Although occupational therapy practice in the United States requires engagement with policy, this engagement primarily pertains to service delivery, reimbursement, and scope of practice. In this article, we have made a case for the profession’s consideration of context to go beyond a view of individual factors and to understand that clients’ everyday living conditions are affected by multiple systems, including policy. Issues of social determinants and systems that address these determinants will benefit from the inclusion of an occupational perspective and its contribution to creating conditions that develop productive and well-adjusted citizens.

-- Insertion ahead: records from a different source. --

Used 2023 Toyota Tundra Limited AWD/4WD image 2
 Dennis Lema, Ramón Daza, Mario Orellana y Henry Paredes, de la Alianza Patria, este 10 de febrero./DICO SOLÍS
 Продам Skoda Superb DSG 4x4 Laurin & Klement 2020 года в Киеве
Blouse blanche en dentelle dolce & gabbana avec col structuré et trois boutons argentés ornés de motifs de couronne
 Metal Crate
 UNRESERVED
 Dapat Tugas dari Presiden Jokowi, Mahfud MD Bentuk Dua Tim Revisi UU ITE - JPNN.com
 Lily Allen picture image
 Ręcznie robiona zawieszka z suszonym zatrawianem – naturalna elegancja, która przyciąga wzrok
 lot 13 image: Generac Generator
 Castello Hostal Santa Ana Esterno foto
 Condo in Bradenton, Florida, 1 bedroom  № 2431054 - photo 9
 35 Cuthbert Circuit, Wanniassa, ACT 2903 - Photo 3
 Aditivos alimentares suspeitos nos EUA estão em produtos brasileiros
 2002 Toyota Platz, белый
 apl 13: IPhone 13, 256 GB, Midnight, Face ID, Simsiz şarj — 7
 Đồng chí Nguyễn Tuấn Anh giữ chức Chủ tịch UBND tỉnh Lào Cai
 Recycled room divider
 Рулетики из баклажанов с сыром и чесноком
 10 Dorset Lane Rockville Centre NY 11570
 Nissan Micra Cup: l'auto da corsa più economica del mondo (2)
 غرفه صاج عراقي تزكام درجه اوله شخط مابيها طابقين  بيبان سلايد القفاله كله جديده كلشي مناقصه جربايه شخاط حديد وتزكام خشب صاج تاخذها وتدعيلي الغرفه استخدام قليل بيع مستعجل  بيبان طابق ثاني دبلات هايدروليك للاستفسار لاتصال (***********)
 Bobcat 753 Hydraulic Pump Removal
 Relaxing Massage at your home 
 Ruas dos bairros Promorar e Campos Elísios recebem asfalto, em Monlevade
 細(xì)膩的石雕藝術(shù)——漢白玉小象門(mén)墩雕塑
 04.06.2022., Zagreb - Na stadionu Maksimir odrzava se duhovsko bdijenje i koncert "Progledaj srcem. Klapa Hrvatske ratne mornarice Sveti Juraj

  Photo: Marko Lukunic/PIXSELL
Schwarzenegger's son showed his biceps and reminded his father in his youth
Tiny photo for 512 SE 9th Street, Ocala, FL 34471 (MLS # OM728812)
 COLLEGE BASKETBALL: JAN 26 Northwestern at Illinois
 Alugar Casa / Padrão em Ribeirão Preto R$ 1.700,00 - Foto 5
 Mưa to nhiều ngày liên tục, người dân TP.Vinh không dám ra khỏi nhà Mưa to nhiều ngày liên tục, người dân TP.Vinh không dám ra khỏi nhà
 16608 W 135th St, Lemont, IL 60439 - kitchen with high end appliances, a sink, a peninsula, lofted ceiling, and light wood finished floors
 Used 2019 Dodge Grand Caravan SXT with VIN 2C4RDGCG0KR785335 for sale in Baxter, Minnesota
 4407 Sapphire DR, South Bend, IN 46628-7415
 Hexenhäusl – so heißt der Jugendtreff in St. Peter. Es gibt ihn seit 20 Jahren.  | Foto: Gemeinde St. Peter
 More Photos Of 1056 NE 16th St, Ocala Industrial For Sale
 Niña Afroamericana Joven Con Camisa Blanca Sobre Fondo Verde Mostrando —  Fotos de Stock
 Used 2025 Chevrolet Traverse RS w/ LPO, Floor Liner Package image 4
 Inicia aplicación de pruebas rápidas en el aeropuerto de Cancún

Whalley Hammell and Iwama (2012) stated, “If occupational therapists are to take seriously their espoused commitment to enabling access to participation in occupation, the inequitable conditions of people’s lives will need to be addressed” (p. 385). People have the right to engage in meaningful occupation that contributes to well-being (Whalley Hammell & Iwama, 2012). Durocher et al. (2014) argued that access to meaningful occupation is a human right. Last, Townsend and Wilcock (2004) decreed that full participation in society requires means. Policy, or its gaps—such as failure to expand access to paid family medical leave—contribute to health inequities by limiting possibilities for participation in daily life. The conditions of everyday living encompass broader social determinants of health. Tackling health disparities and meeting the societal needs of the day warrant that practitioners “walk their talk” by enhancing their understanding of contexts at multiple levels as defined by the LCHD framework and bringing their unique understanding of occupation as a social determinant to the changing approach to health.
Acknowledgments
We acknowledge Sandra Dunbar, Provost, AdventHealth University, for her collaboration on a panel presentation at the Society for the Study of Occupation:USA 2016 Annual Research Conference that contributed to early conceptualization of this article.